TASK BRIEF ▸ Nothing but the pictures should be dropped when the records are transcribed word for word.

_____

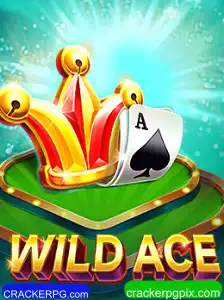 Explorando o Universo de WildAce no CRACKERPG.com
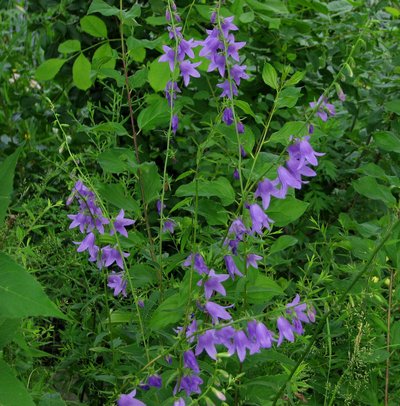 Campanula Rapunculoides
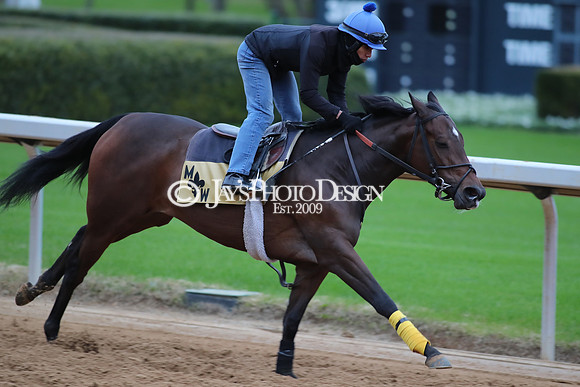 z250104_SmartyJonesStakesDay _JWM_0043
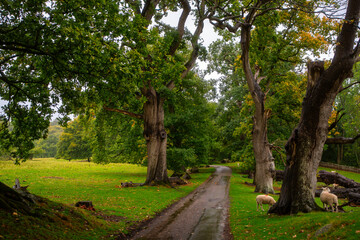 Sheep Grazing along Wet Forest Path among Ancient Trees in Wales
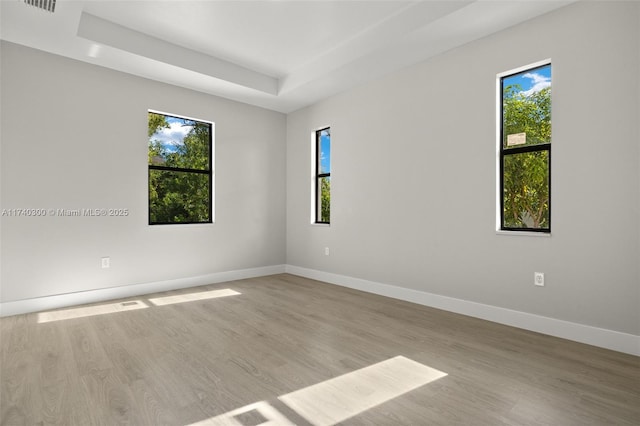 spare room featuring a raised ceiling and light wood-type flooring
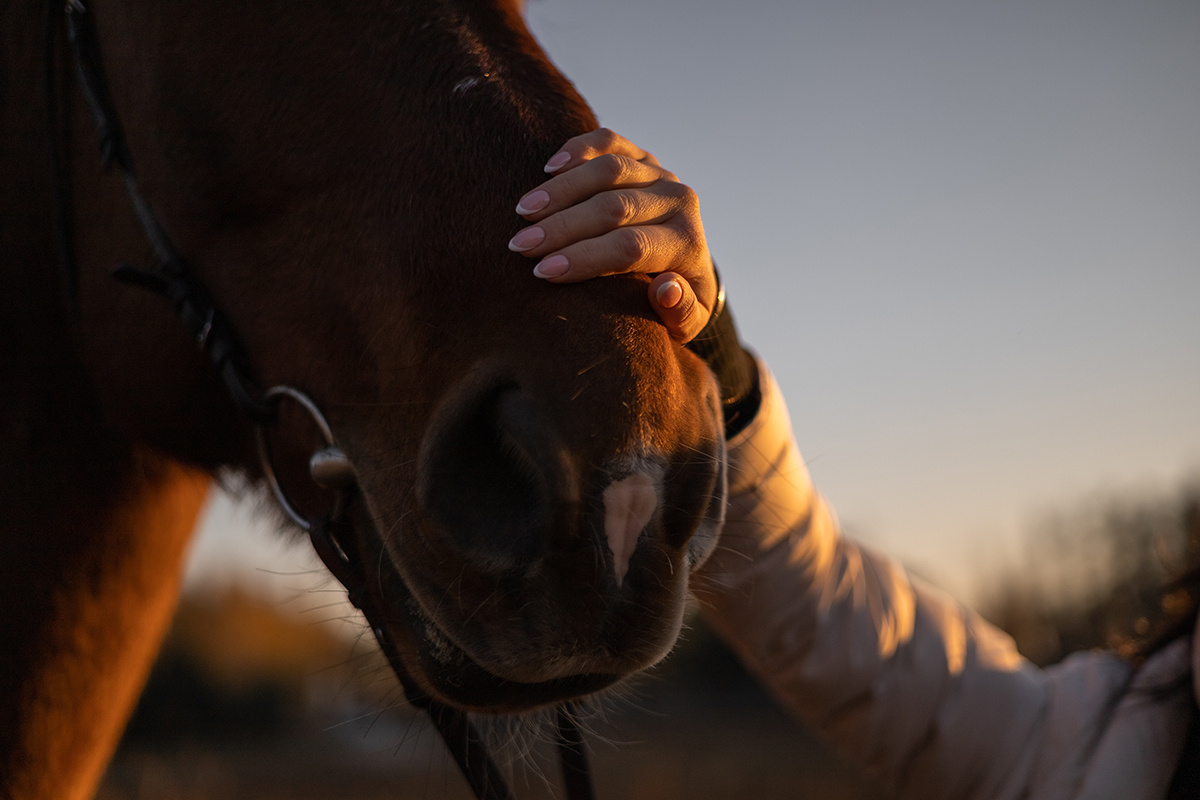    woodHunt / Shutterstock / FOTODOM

_____

WORKED SOLUTION ▸
 Explorando o Universo de WildAce no CRACKERPG.com
 Campanula Rapunculoides
 z250104_SmartyJonesStakesDay _JWM_0043
 Sheep Grazing along Wet Forest Path among Ancient Trees in Wales
 spare room featuring a raised ceiling and light wood-type flooring
    woodHunt / Shutterstock / FOTODOM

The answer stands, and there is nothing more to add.